Secondo il rapporto, gli avvocati del governo stanno cercando informazioni su come una vendita potrebbe influenzare il pubblico che va al cinema e se potrebbe comportare una diminuzione del numero di film distribuiti nelle sale, citando persone a conoscenza della questione.
La notizia arriva dopo che Warner Bros, martedì, ha respinto l'ultima offerta ostile di Paramount Skydance di 30 dollari per azione, ma ha concesso allo studio rivale di Hollywood sette giorni per presentare un'offerta "migliore e definitiva" che superi l'accordo esistente con Netflix.
Paramount ha riconosciuto l'offerta di sette giorni, ma ha definito "insolite" le azioni del consiglio di amministrazione di Warner Bros.

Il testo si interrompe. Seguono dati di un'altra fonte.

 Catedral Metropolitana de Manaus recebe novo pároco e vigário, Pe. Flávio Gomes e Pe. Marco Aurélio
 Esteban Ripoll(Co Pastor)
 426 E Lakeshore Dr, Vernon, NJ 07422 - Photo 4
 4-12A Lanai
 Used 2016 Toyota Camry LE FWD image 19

La società madre di CBS aveva dichiarato che avrebbe continuato a portare avanti l'offerta pubblica di acquisto, si sarebbe opposta alla fusione "inferiore" con Netflix e intende ancora nominare amministratori per la prossima assemblea annuale di Warner Bros.

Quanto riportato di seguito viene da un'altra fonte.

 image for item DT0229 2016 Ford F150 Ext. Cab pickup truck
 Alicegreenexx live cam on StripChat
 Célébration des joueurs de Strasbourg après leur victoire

Warner Bros sta procedendo con una votazione sull'offerta di Netflix per le attività di streaming e studio prevista per il 20 marzo.
La fusione, se approvata, avverrebbe dopo che Warner Bros avrà scorporato le sue operazioni via cavo Discovery Global, che includono CNN, TLC, Food Network e HGTV, in una società separata quotata in borsa.
Il rapporto di Bloomberg ha inoltre riferito che il regista James Cameron, che ha diretto "Titanic" della Paramount, ha pubblicamente sostenuto l'acquisizione di Warner Bros da parte della compagnia a novembre e ha affermato che una vendita a Netflix sarebbe "un disastro" per l'industria cinematografica.